What you are asked to do. Before copying, set aside the pictures; then restate exactly the lines from the one with "Actors Vidya Balan" through the last line of the records.

Entries shown.
#####

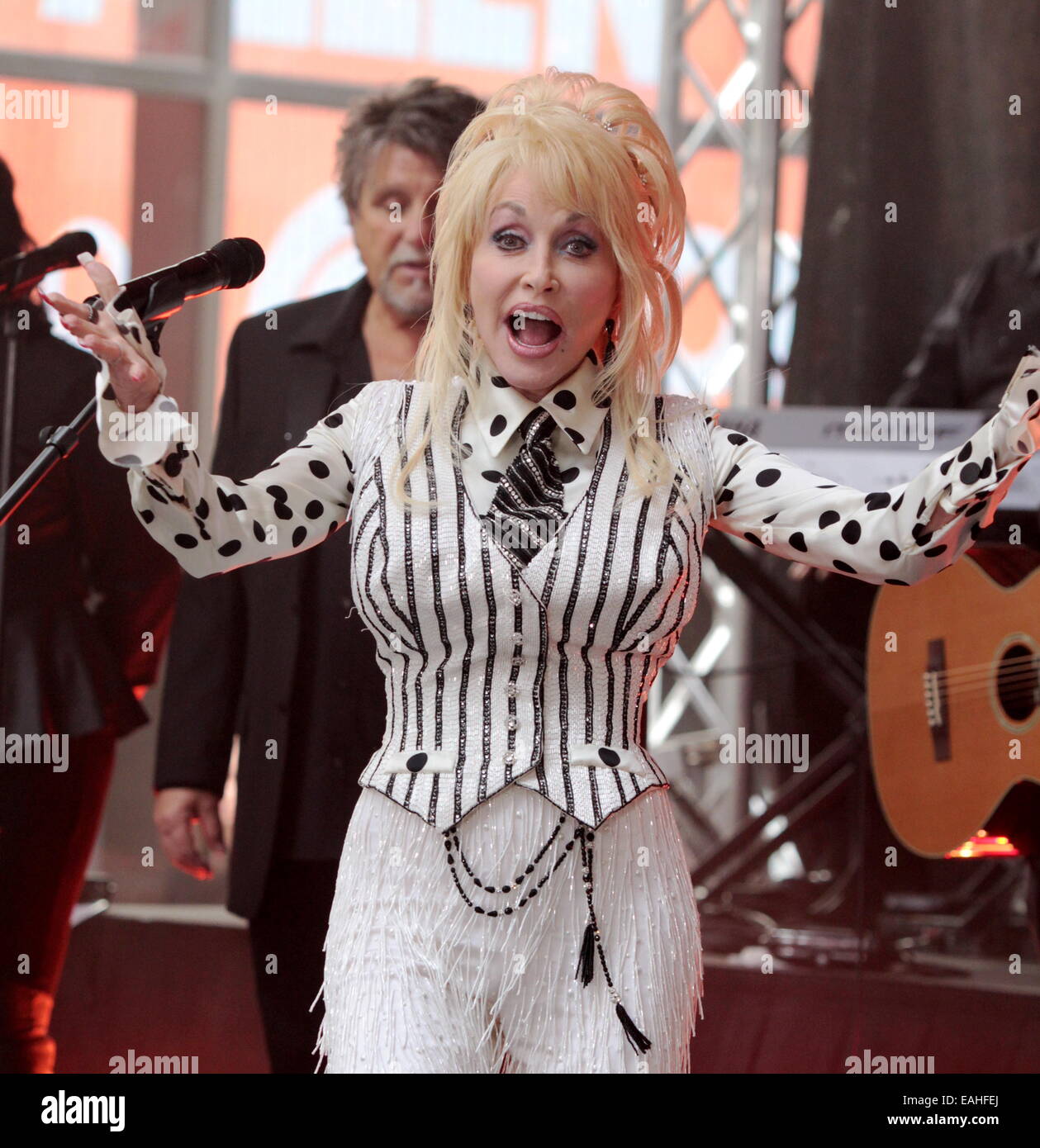 Country singing legend Dolly Parton performs some of her greatest hits ...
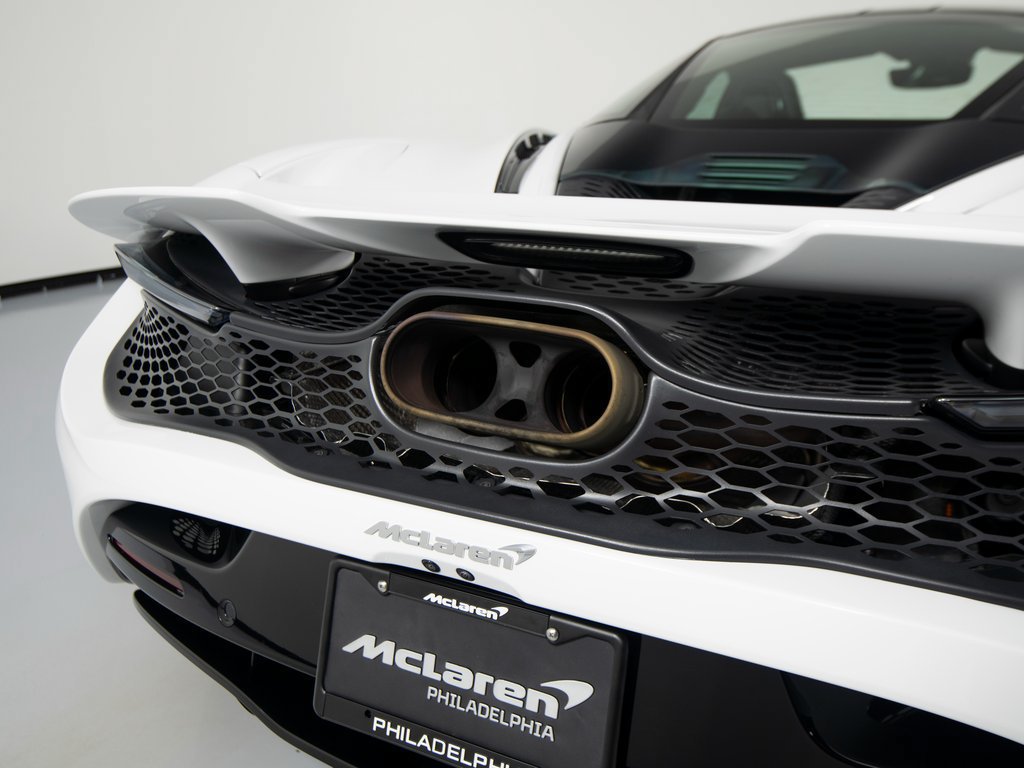 Used 2025 McLaren 750S photo 39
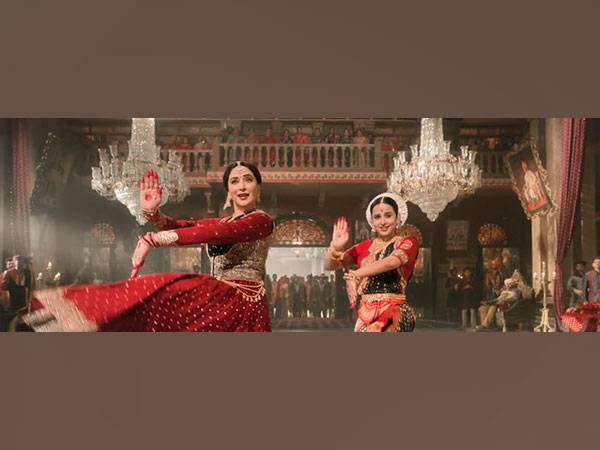 Actors Vidya Balan and Madhuri Dixit Nene (Image source: YouTube)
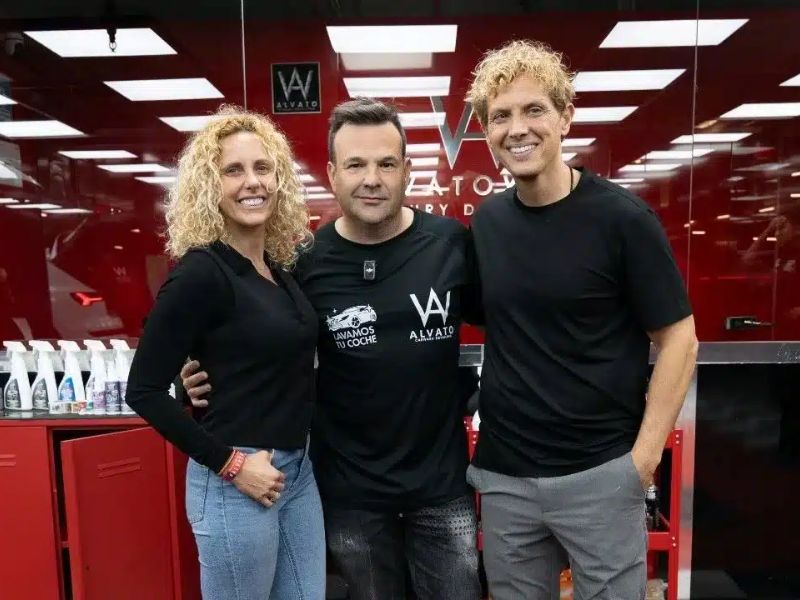 Alicia Coronel, Hernán Martínez y José Elías en Alvato Carwash Detailing, franquicia líder en lavado ecológico de coches.
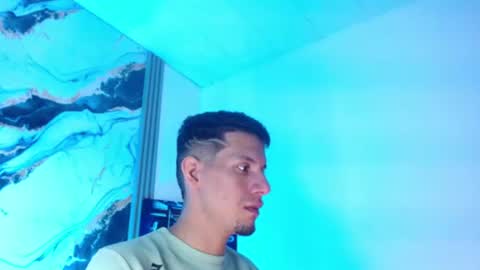 Snapshot of kevin__max_ chatting on August 3, 7:06 pm Kev online show from August 3, 7:06 pm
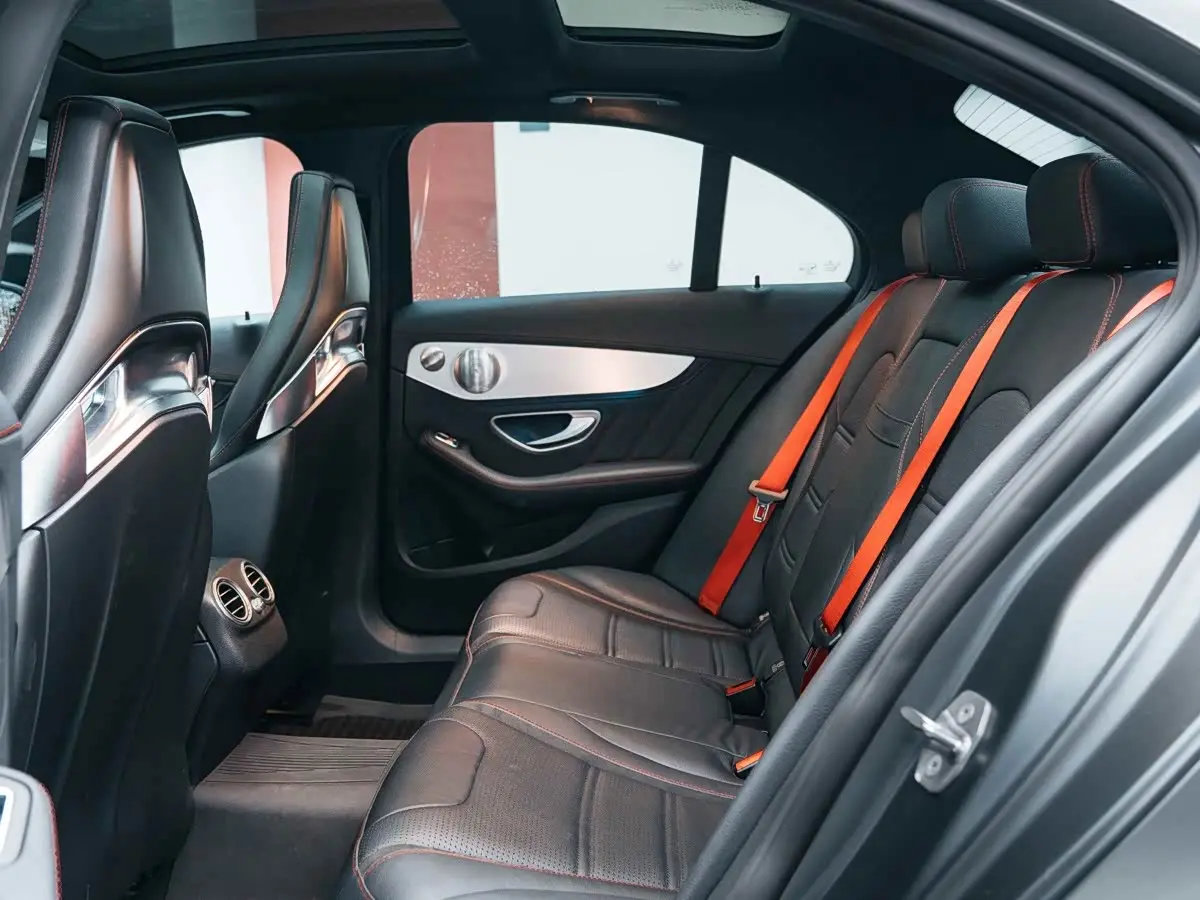 Mercedes-Benz C-Class AMG 2019 — Photo 10/20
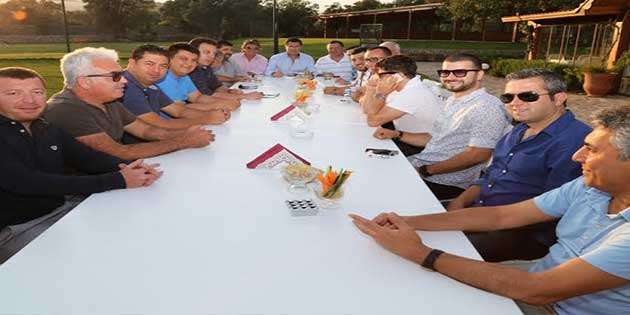 ESKİ YÖNETİCİDEN YENİ YÖNETİME HAYIRLI OLSUN KOKTEYLİ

#####

Written solution.
 Actors Vidya Balan and Madhuri Dixit Nene (Image source: YouTube)
 Alicia Coronel, Hernán Martínez y José Elías en Alvato Carwash Detailing, franquicia líder en lavado ecológico de coches.
 Snapshot of kevin__max_ chatting on August 3, 7:06 pm Kev online show from August 3, 7:06 pm
 Mercedes-Benz C-Class AMG 2019 — Photo 10/20
 ESKİ YÖNETİCİDEN YENİ YÖNETİME HAYIRLI OLSUN KOKTEYLİ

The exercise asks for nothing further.